Tuesday, May 26, 2009

FROM THE MENU: Goat Shank Tagine


Gorgeous, grass-fed goat is in from Marin Sun Farms. These guys gently graze the hills of Point Reyes sustainably "managing" pastures. I also have a dozen fragrant bulbs of Spring fennel courtesy of Terra Sonoma in Sebastopol, and lemon I quickly preserved to save from ruin. I'm craving intense spices these days, and our menu could definitely use some as well. All of which promptly leads to tagine in my book. I quickly consult my Paula Wolfert.


I had a revelatory 16th birthday dinner at Dar Maghreb in Los Angles, and visited Morocco itself briefly in my early 20s ...the astonishing flavors of the place immediately etched themselves into me, and I had to figure out how they worked. Wolfert - one of the first food writers I turned to for authority - had lived in Morocco, and was a brilliant guide into those layers of saffron, ginger, garlic, sweet onion, green coriander & preserved lemon. Tagines have become an essential piece of my food lexicon. I crave them habitually as I crave any faithfully made pozole or bouillabaisse; any sating, true stew.

Fennel in the index of Wolfert's Couscous and Other Good Food from Morocco gets me Lamb Tagine with Fennel, a "fragrant meat tagine," which I learn, as a group, usually involve preserved lemon, olives and vegetables. I substitute our newly arrived rich goat shank for the lamb shoulder, augment dried ginger in the recipe with beloved fresh, add a little tomato for some bricky earth, cinnamon stick because I can't resist its perfume, and a spoonful of honey to pull on the sweet notes of the melted saffrony onion. So, while I've ultimately made my own way in the recipe, both in ingredients and technique (French training and restaurant kitchen Batterie de cuisine!), Wolfert is always lingering in the background, too. The braise hums madly. Serve on couscous with lemon, chickpeas and scallions.
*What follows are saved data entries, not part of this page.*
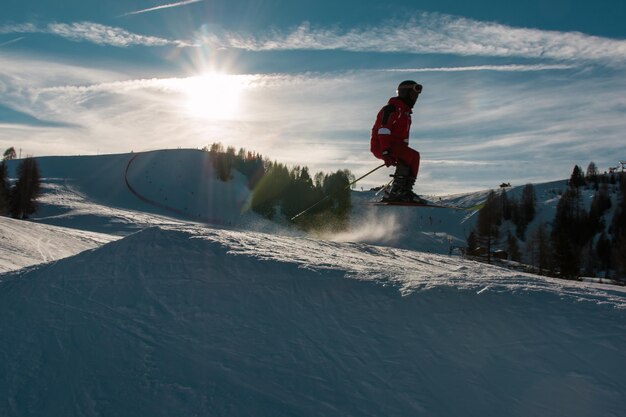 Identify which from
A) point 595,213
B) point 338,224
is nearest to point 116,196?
point 338,224

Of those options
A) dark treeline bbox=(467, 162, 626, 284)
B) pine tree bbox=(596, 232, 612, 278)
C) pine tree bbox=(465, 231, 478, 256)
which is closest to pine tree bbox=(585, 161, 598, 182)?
dark treeline bbox=(467, 162, 626, 284)

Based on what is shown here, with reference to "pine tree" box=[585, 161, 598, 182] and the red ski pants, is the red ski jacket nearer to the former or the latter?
the red ski pants

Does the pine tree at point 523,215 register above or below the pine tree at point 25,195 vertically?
above

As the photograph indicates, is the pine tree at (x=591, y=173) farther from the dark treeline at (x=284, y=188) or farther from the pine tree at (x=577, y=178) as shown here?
the dark treeline at (x=284, y=188)

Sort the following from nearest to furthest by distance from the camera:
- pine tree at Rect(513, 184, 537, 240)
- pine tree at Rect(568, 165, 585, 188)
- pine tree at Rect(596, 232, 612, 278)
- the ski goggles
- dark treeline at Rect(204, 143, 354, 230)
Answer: the ski goggles → dark treeline at Rect(204, 143, 354, 230) → pine tree at Rect(596, 232, 612, 278) → pine tree at Rect(513, 184, 537, 240) → pine tree at Rect(568, 165, 585, 188)

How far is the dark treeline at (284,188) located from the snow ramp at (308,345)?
29.4 metres

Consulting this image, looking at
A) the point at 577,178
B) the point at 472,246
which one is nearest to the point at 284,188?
the point at 472,246

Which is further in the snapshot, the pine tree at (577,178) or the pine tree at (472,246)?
the pine tree at (577,178)

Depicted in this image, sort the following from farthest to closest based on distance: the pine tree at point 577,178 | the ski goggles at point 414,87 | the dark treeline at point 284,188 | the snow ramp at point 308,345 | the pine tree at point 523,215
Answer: the pine tree at point 577,178, the pine tree at point 523,215, the dark treeline at point 284,188, the ski goggles at point 414,87, the snow ramp at point 308,345

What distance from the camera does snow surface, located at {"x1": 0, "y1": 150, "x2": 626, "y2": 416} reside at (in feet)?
16.1

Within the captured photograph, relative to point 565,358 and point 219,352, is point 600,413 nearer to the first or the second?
point 565,358

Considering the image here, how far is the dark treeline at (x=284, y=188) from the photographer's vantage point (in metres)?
42.2

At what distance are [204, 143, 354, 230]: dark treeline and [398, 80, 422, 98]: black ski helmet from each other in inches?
986

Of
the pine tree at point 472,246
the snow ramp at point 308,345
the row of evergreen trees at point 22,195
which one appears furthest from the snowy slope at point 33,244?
the pine tree at point 472,246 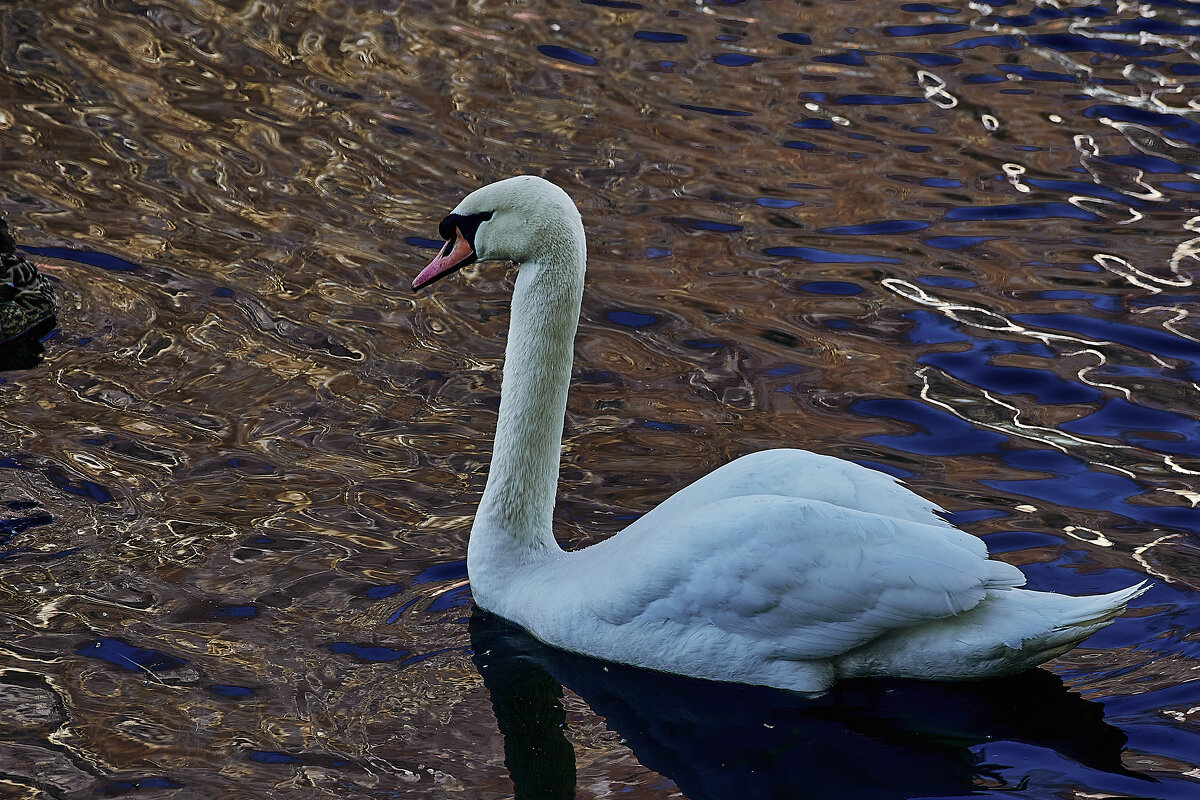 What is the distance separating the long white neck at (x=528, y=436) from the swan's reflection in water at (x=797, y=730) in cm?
46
Goat Tagine with Fennel and Olives


6 meaty goat shanks


Sea Salt


Freshly ground pepper


3 tablespoons olive oil


2 medium onions, sliced in half lengthwise, then into 1/4-inch slices lengthwise


2 medium bulbs of fennel, cut in half lengthwise, then into 1/4-inch slices lengthwise


1 large pinch of saffron threads, lightly finger-crushed


6 medium garlic cloves, chopped

1 tablespoon fresh ginger, grated


1 teaspoon ground ginger


2 teaspoons freshly toasted, ground coriander seed


1 teaspoons freshly toasted, ground cumin


2 teaspoons freshly toasted, ground fennel seed

3 tablespoons honey


3/4 cup fresh tomato peeled and chopped, or good boxed/canned chopped tomatoes


4 cups of chicken stock or water


1 cinnamon stick

1/2 bunch fresh coriander (cilantro), stem and all, tied with butcher string


1/2 cup oil-cured olives


1 large preserved lemon, rinsed and quartered



Preheat oven to 375. Salt and pepper the goat shanks. Brown them over medium-high heat in a large, deep casserole that will fit all the meat and go in the oven. Remove shanks from the pan and add olive oil, onions and half the fennel and cook for about 5 minutes. Add the saffron, garlic, ginger and all spices and cook another 5 minutes. Add the honey and tomatoes and cook a few minutes. Add stock and tuck shanks back into pot along with the cinnamon stick and tied cilantro. Bring to a simmer. Cover and braise in the oven until tender, about 3 hours. Check every so often; add more liquid if necessary. Add olives, lemon and remaining fennel to the stew the last 15 minutes of cooking. It is finished when the fennel is tender and the meat is buttery and falling off the bone. Taste and season as necessary.

9 comments:

barcamania78 said...

hai hai hai

stopsmoking78 said...

very nice site

my-easy-cooking.com said...

Never even thought of doing goat shanks, wow!!! I love, love your site!!!!

Penny said...

I made this exactly as written yesterday, and it was sublime. Thank you so much for posting your recipe.

Amy said...

This looks so delicious! A question on the spices--do you mean the teaspoons of coriander, fennel and cumin to be measured before grinding, or after?
Thanks!

Dana said...

Thank you Amy. Measure it ground, although there shouldn't be that much difference. Can't reply to you directly as you have chosen noreply in eblogger as your address...

Deborah said...

Dana,
We're so happy to have discovered your blog. A group of us on SlowTrav are all preparing this recipe for a cooking challenge this weekend. Then posting the results on our own blogs tomorrow.
If you check out my entry tomorrow, you'll see my results as well as Amy's (her question above) and several more.
Thanks again for the fun challenge idea. -- Deborah

Amy said...

Thank you, Dana. I made it yesterday using lamb shanks, and it was just heavenly. My guests were almost licking their plates clean.

Dana said...

Amy. Thank you again for your sweet comments. So glad to have been chosen for the challenge!